I compile with the followin flags

g++ -std=c++11 -O3 -I/opt/intel/oneapi/2022/mkl/latest/include c laicoMult.cpp -L/opt/intel/oneapi/2022/mkl/latest/lib/intel64 -Wl,-rpath,/opt/intel/oneapi/mkl/2024.0/lib/intel64 -lmkl_intel_lp64 -lmkl_sequential -lmkl_core -lpthread -lm -ldl -fopenmp -march=native -fopt-info-vec -ffast-math -ftree-vectorize -DARMA_DONT_USE_WRAPPER -o laicoMult

At the moment I'm using a Intel(R) Core(TM) i7-10700 CPU @ 2.90GHz processor with 16GB DDR4.

The code is pretty fast but I'd like to know if there is something I could do to make this code faster.

Can anyone help me ?

Thanks in advance !

Gennady_F_Intel · ‎03-11-2024

yes, you could link against threaded version of MKL instead of sequential (-lmkl_sequential ) once. Please check with MKL Linker Adviser ( https://www.intel.com/content/www/us/en/developer/tools/oneapi/onemkl-link-line-advisor.html ) how to link against OpenMP or TBB threaded runtimes. You also might check MKL Developer Guide where you could find out many of such examples.

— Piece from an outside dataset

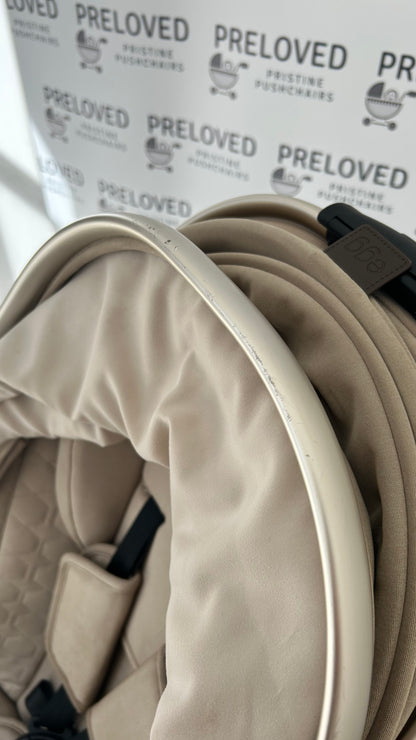 Egg3 Pushchair & Carry Cot Luxury Bundle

View solution in original post

Gennady_F_Intel · ‎03-11-2024

yes, you could link against threaded version of MKL instead of sequential (-lmkl_sequential ) once. Please check with MKL Linker Adviser ( https://www.intel.com/content/www/us/en/developer/tools/oneapi/onemkl-link-line-advisor.html ) how to link against OpenMP or TBB threaded runtimes. You also might check MKL Developer Guide where you could find out many of such examples.